↓

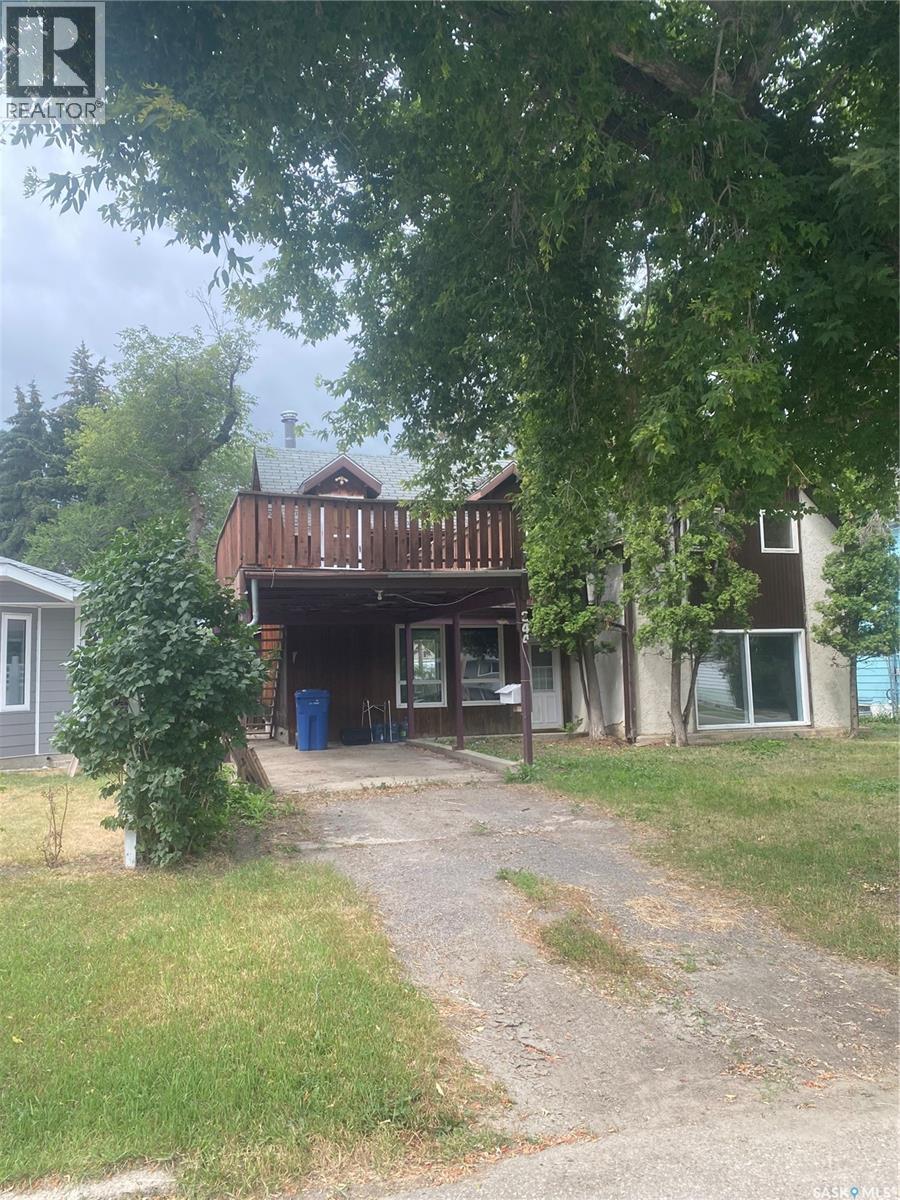 244 Hudson Avenue S Property Photo 2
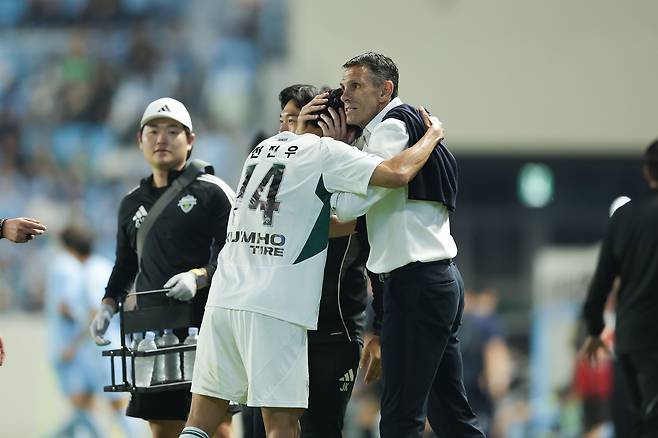 애제자 전진우를 안아주는 포옛(오른쪽) 감독. [사진 프로축구연맹]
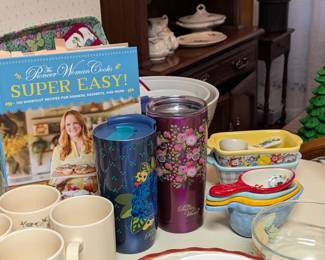 The Pioneer Woman dishes & books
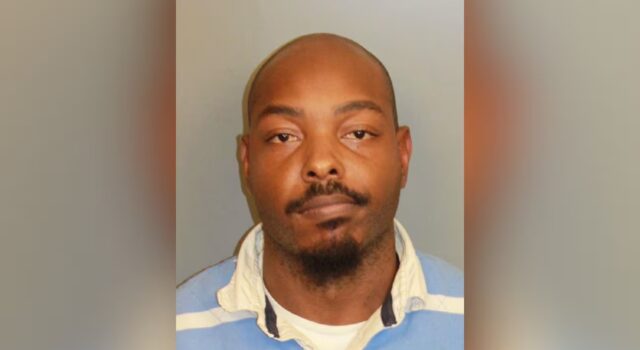 Arrestan a exoficial de Birmingham por agresión sexual Foto de ficha policial de Darrion Lapsley, exoficial arrestado por cargos de agresión sexual en Birmingham.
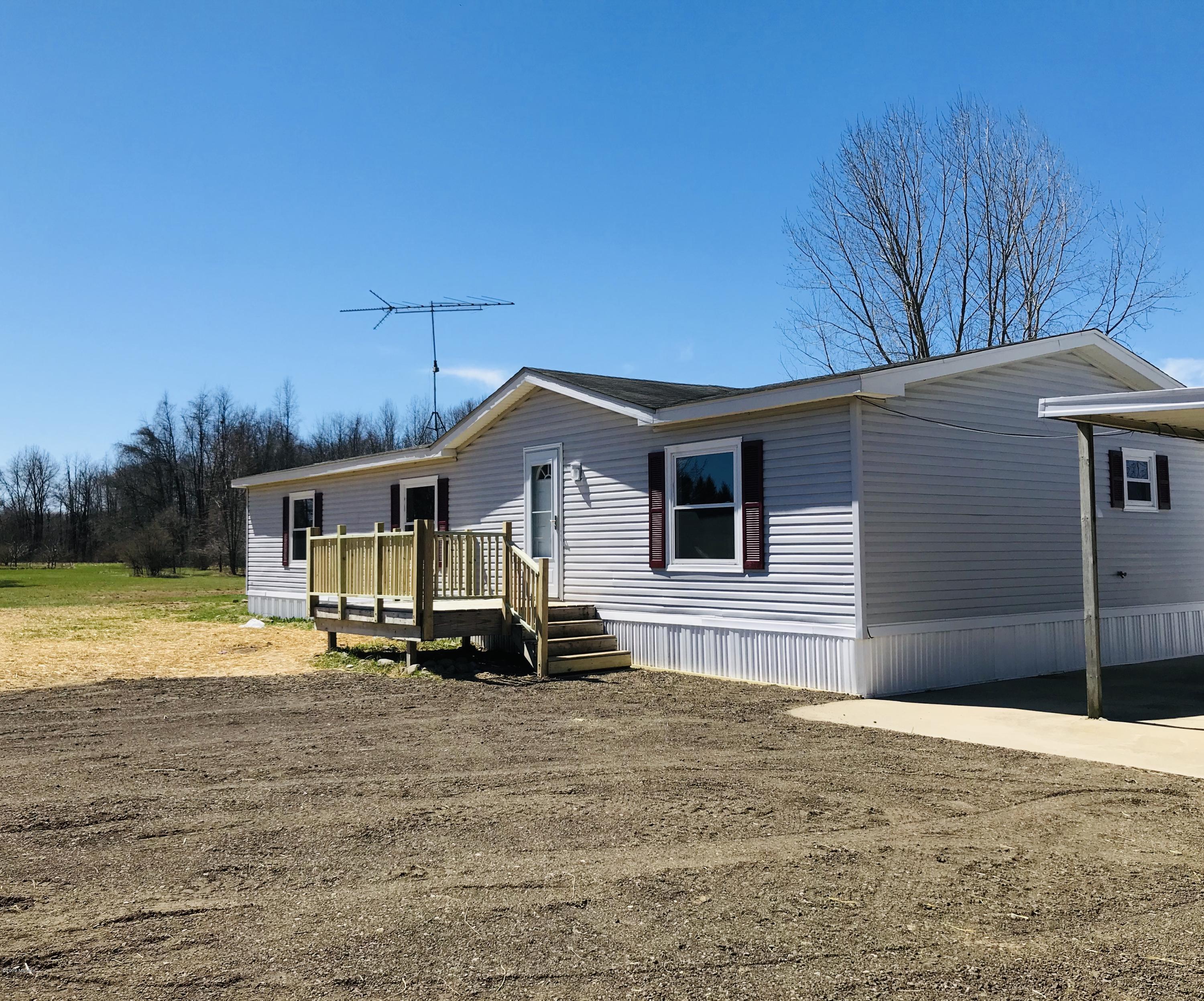 410 South Park Road Benton Harbor, MI 49022 - Photo 3 of 54 IMG_E1074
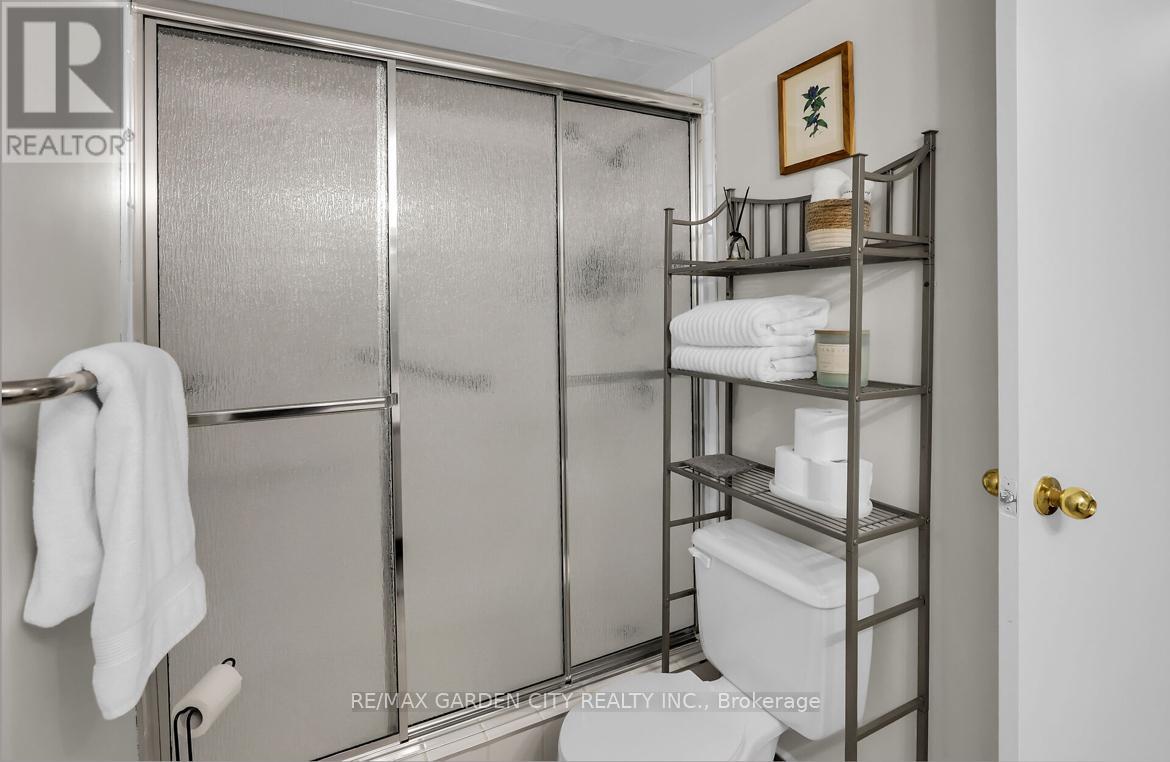 1105 - 7 Gale Crescent, St. Catharines (E. Chester), Ontario  L2R 7M8 - Photo 19 - X12107759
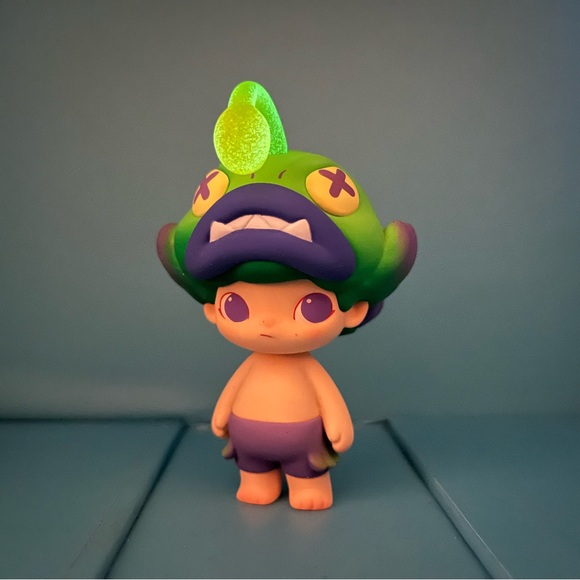 Pop Mart - Dimoo Aquarium Series - Anglerfish w/ glow - Picture 5 of 5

↑

Print verbatim every line above, apart from the pictures.

* Exercise response
 244 Hudson Avenue S Property Photo 2
 애제자 전진우를 안아주는 포옛(오른쪽) 감독. [사진 프로축구연맹]
 The Pioneer Woman dishes & books
 Arrestan a exoficial de Birmingham por agresión sexual Foto de ficha policial de Darrion Lapsley, exoficial arrestado por cargos de agresión sexual en Birmingham.
 410 South Park Road Benton Harbor, MI 49022 - Photo 3 of 54 IMG_E1074
 1105 - 7 Gale Crescent, St. Catharines (E. Chester), Ontario  L2R 7M8 - Photo 19 - X12107759
 Pop Mart - Dimoo Aquarium Series - Anglerfish w/ glow - Picture 5 of 5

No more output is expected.